W najtrudniejszej sytuacji jest Kacperek, który ma już 12 miesięcy i wcale nie tak dużo czasu. Pasek pokazuje ponad 2 mln złotych, ale zbiórka teoretycznie kończy się 24 grudnia. Kacperek z rodzicami mieszkają w okolicach Krakowa, tym bardziej ta zbiórka jest bliska mojemu sercu. https://www.siepomaga.pl/ratujemy-kacpra

Natomiast zbiórka 8-miesięcznego Patrysia trwa do 20 lutego, ale za to na pasku aktualnie widnieje kwota niecałych 900 tys. https://www.siepomaga.pl/patrys

Wszystkie te historie łamią mi serce, bo teraz już zawsze będę myślała o tym, że w tym samym miejscu mógłby być Kajtek. Mogę tylko próbować sobie wyobrazić co muszą czuć i ile mieć w sobie woli walki matki tych chłopców. Nigdy nie wiem, czy kiedyś nie będę w podobnej sytuacji. Ty też nie.

Pamiętaj proszę o tych zbiórkach, poślij je dalej, zrób tyle, ile możesz. To zawsze jest dużo.

5. To jest punkt dla Ciebie, miejsce, które możesz wybrać sam.

Masz nieograniczone możliwości 🙂 Ostatecznie nie liczy się fundacja/stowarzyszenie/inicjatywa, którą wybierzesz. Dobro się liczy.

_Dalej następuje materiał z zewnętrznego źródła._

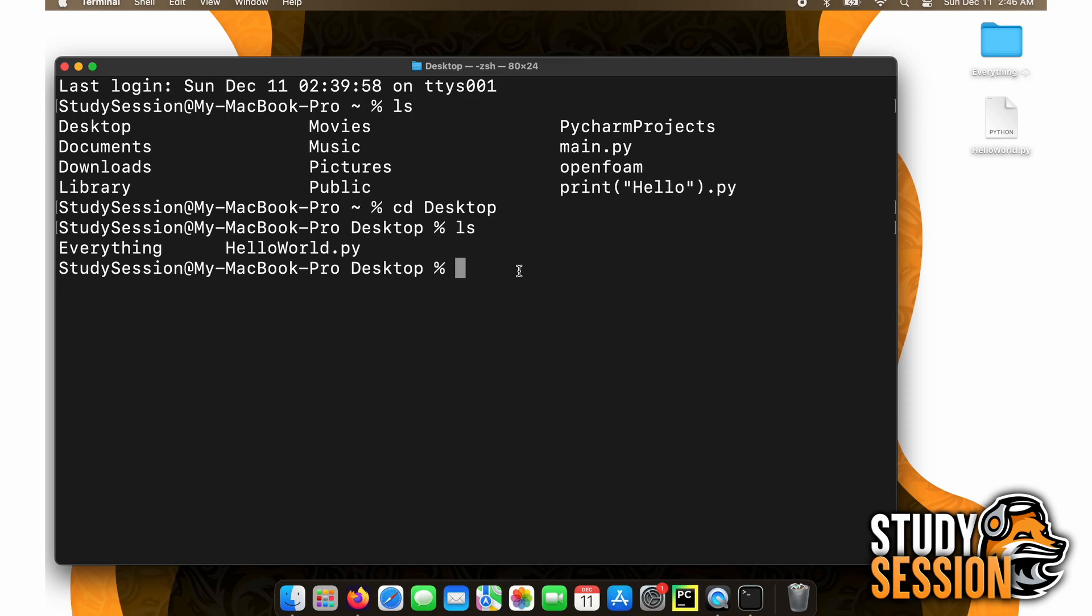Now since we want to run this as a Python 3.11, let's type python 3.11 space and our complete file name. And, as you can see, we are returned to hello world as expected.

I wiesz, nie ma w pomaganiu nic piękniejszego! Twoja, moja złotówka ma znaczenie. Nasze decyzje co robimy z naszą obecnością w Internecie, mają znaczenie! Ostateczne to nie fejmy, hajsy i piękne zdjęcia będą się liczyć, ale miłość i to, czy potrafiliśmy się nią dzielić z innymi. Być może brzmię patetycznie, ale co mi tam, jest grudzień!

Świadomie wybrałam inicjatywy, gdzie pomaga się ludziom, bo mam poczucie, że dziś to właśnie wrażliwości na drugiego człowieka najbardziej nam brakuje. Co z nami będzie, jeśli całkiem ją zatracimy? Wierzę, że goniąc za wszystkim, co nasz w tej naszej codzienności nas trawi od środka, paraliżuje i zniewala, jesteśmy w stanie odnaleźć się na nowo. Obierając kierunek na drugiego człowieka, nie tylko przed kolejnymi Świętami Bożego Narodzenia. Myślę, że każdemu z nas jest to potrzebne.

Poślij proszę ten prezentownik dalej.

JEST PÓŹNIEJ NIŻ MYŚLISZ.

Pozdrawiam Cię i życzę Ci naprawdę dobrego czasu przed Świętami.